A reader should listen to the 36-second clip on YouTube to get a full accounting of the malice and racism that most small-town Wisconsin cops know to keep under wraps. Furseth and his all-white police force really do not like black people.
In August 2018 came reports of four new counts of misconduct by Furseth, (WISC-TV).
Chased out of office, the racist Daniel Furseth was never heard from again, right? Wrong.
Furseth was quickly hired by the town of Madison, not the City, in October 2018.
An official with the town of Madison police department, not the City, confirmed by phone on August 14, 2019 that Furseth is still employed with the Town police, locally notorious for racism, harassment, bogus citations and misconduct.
Pre-New York Times v Sullivan (1964), or had American jurisprudence taken another direction, the Town, DeForest and Furseth may have enjoyed cause for civil action for my opining that Daniel Furseth and Town and Village officials are racist, ignorant pig-fuckers who should have their teeth kicked out.
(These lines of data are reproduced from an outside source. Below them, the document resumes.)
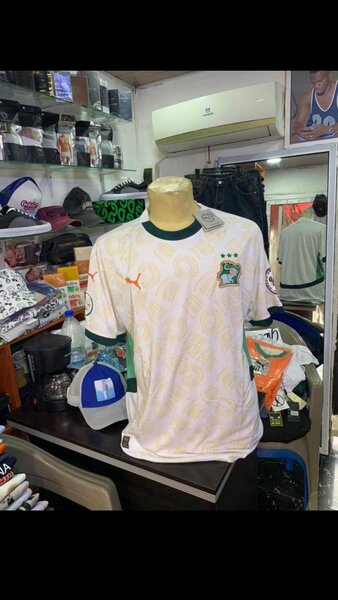 Maillot de Football Côte d'Ivoire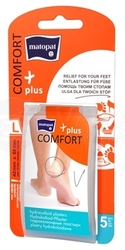Matopat Comfort plus Náplasť hydrokoloidná, elastická, nesterilná (veľkosť L, 42 x 68 mm)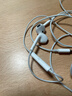 APPLE二手99新蘋(píng)果原裝有線(xiàn)耳機iPhone17promax/16/15/14/13/12/11扁頭正品k歌耳機 8新左右性?xún)r(jià)比首選（支持蘋(píng)果7~14） 曬單實(shí)拍圖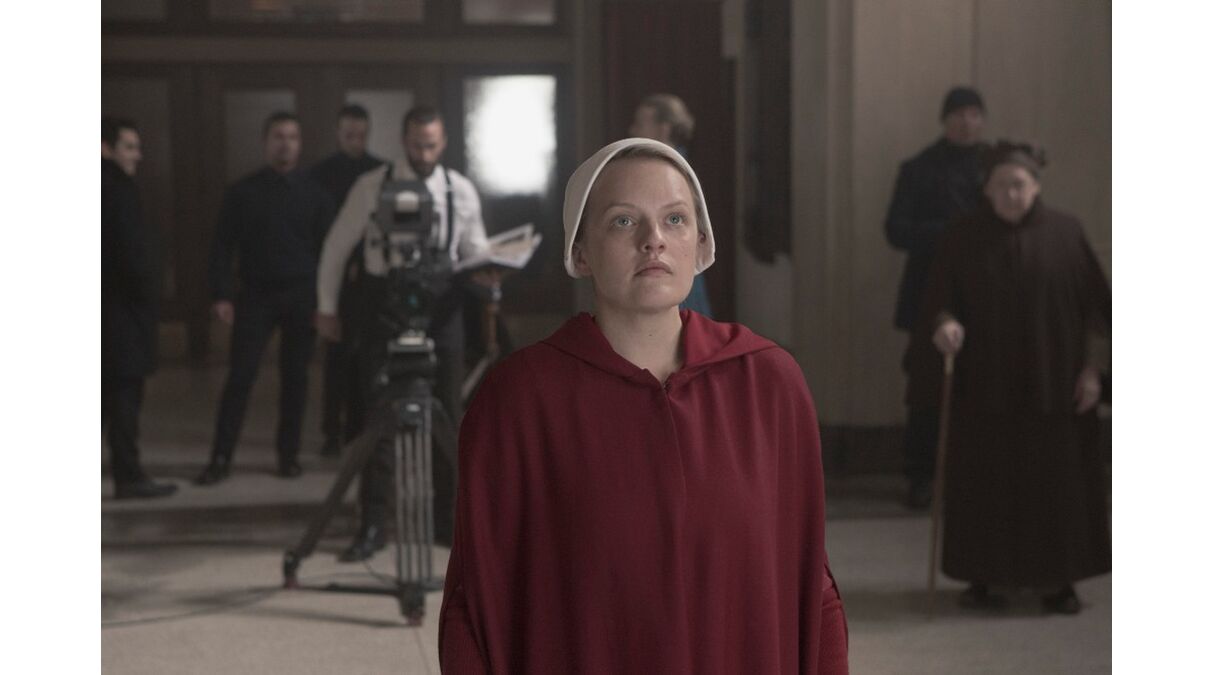 Illustratie voor: May the Lord open: The Handmaid’s Tale seizoen 4 staat NU op Videoland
The former police intern who blew the whistle on YouTube similarly might not enjoy protections for his commentary about the character of the DeForest, Wisconsin Police Dept in which Furseth rose through the all-white ranks to become chief in 2015.
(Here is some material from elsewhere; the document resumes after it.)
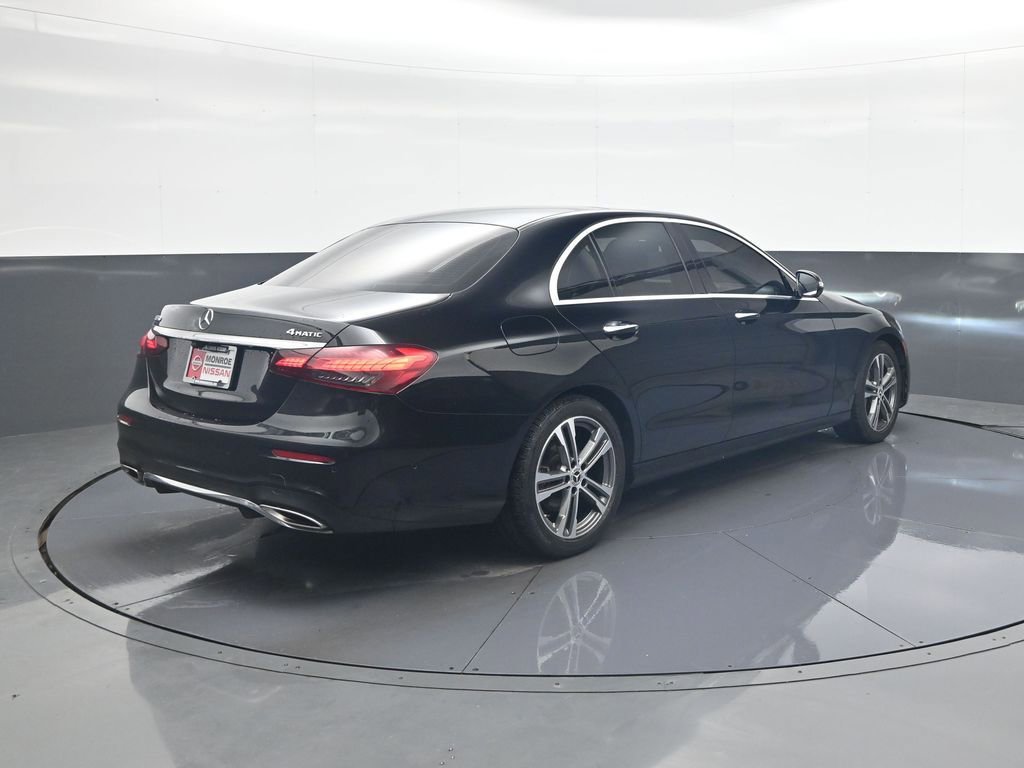 Used 2021 Mercedes-Benz E 350 4MATIC Sedan image 7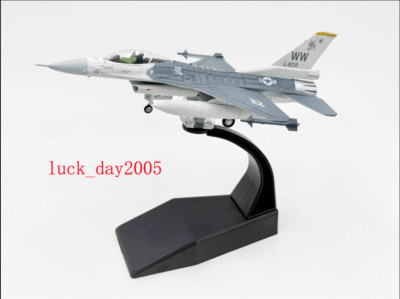 AMER COM USAF F-16c Fighting Falcon Fighter 1/100 Diecast Aircraft Jet Model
The judiciary over the last 60 years has risen to become a refuge for civil pleadings from social movements working for those persecuted by the State — often the repository of lurid souls like Daniel Furseth and L.B. Sullivan who, one may believe, should be anomalous is a classical liberal society.
The United States Supreme Court of the 1950s, 60s and 70s in significant areas made it appear individual rights prevailing were a dynamic as inevitable as the triumph of reason over racism and liberation over atavistic taboo.
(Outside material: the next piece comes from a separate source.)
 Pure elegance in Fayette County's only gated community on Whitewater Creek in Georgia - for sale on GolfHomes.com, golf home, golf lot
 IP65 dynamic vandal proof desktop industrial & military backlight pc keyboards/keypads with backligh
Landmark legal rulings after rulings were won and each victory seemed a fulfillment of long-denied liberties as the civil rights and peace movement flourished.
Brown v Board of Education (1954), New York Times v Sullivan (1964), Loving v Virgina (1967), Brandenburg v. Ohio (1969) and United States v. United States District Court (1972) and dozens more Court holdings promised to buttress citizens against routine incursions of liberty by State actors and law enforcement.
Sullivan under Attack
Many today fear an epic backlash, and the challenges to Sullivan are emblematic.
There are now at least three cases in three different appellate circuits — Second, Sixth and Seventh — in which rightwing plaintiffs appear intent on revisiting New York Times v. Sullivan.
- Sixth Circuit - Nicholas Sandmann v. WP Company LLC, d/b/a [doing business as] The Washington Post (2:19-cv-00019). Plaintiff says he will appeal the dismissal decided in jUly 2019.
- Seventh Circuit - Andrew Colborn v. Netflix, Inc (1:19-cv-00484). Likely to be dismissed in a Dec 19, 2019 hearing in District court. An appeal is possible.
- Second Circuit - Sarah Palin v New York Times Co, 2nd U.S. Circuit Court of Appeals, No. 17-3801. Case will be heard on the merits in U.S. District Court.
All three plaintiffs above are political rightwingers.
Sandmann and Palin are demonstrable racists.
All three cases appear more the result of isolated rightwing angst at the liberal press, and, in Colborn's case, astonishment that analysis and commentary dare accuse a law enforcement officer of criminal misconduct.
So, Google-alert the cases and keep your eyes out.